The records:
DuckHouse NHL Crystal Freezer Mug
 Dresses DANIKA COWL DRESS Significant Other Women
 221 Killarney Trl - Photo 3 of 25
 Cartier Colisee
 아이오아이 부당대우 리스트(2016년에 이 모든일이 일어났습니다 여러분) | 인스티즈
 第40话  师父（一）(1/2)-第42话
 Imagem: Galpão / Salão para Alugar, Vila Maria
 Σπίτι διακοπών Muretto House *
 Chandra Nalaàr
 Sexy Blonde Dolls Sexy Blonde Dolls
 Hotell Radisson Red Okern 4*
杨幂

The problem: Return every entry exactly as given.

Exercise solution:
DuckHouse NHL Crystal Freezer Mug
 Dresses DANIKA COWL DRESS Significant Other Women
 221 Killarney Trl - Photo 3 of 25
 Cartier Colisee
 아이오아이 부당대우 리스트(2016년에 이 모든일이 일어났습니다 여러분) | 인스티즈
 第40话  师父（一）(1/2)-第42话
 Imagem: Galpão / Salão para Alugar, Vila Maria
 Σπίτι διακοπών Muretto House *
 Chandra Nalaàr
 Sexy Blonde Dolls Sexy Blonde Dolls
 Hotell Radisson Red Okern 4*
杨幂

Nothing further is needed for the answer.